**REQUIRED WORK**
From the records below, copy out exactly the lines from the one containing "Autor do gol" to the one containing "CA 95630, USA", both included. Add nothing else.

**Web page caption snippets**
..........
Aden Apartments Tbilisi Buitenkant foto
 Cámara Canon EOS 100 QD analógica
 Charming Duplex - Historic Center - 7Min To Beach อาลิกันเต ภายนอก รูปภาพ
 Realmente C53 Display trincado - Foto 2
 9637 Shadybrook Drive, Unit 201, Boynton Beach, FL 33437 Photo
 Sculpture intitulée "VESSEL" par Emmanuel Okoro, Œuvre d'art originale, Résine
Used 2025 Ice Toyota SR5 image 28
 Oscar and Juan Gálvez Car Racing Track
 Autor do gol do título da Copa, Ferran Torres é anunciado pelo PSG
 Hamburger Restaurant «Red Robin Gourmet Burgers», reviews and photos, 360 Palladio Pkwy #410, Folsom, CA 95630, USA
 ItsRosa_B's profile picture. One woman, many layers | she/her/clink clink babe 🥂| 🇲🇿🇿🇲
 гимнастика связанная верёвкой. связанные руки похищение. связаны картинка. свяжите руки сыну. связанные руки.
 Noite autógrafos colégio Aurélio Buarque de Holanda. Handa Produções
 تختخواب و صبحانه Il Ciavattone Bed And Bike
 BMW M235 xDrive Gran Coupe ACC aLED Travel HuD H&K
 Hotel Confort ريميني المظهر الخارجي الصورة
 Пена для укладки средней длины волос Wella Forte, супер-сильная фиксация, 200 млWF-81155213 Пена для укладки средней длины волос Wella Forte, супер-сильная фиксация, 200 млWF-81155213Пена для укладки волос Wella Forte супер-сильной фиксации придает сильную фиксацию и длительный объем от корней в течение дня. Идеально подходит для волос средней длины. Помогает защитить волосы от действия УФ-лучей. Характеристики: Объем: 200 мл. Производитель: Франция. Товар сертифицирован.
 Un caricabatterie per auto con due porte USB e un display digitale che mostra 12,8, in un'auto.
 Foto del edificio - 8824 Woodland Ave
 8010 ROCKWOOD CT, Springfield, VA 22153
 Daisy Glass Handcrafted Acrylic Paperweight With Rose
..........
**TASK ANSWER**
 Autor do gol do título da Copa, Ferran Torres é anunciado pelo PSG
 Hamburger Restaurant «Red Robin Gourmet Burgers», reviews and photos, 360 Palladio Pkwy #410, Folsom, CA 95630, USA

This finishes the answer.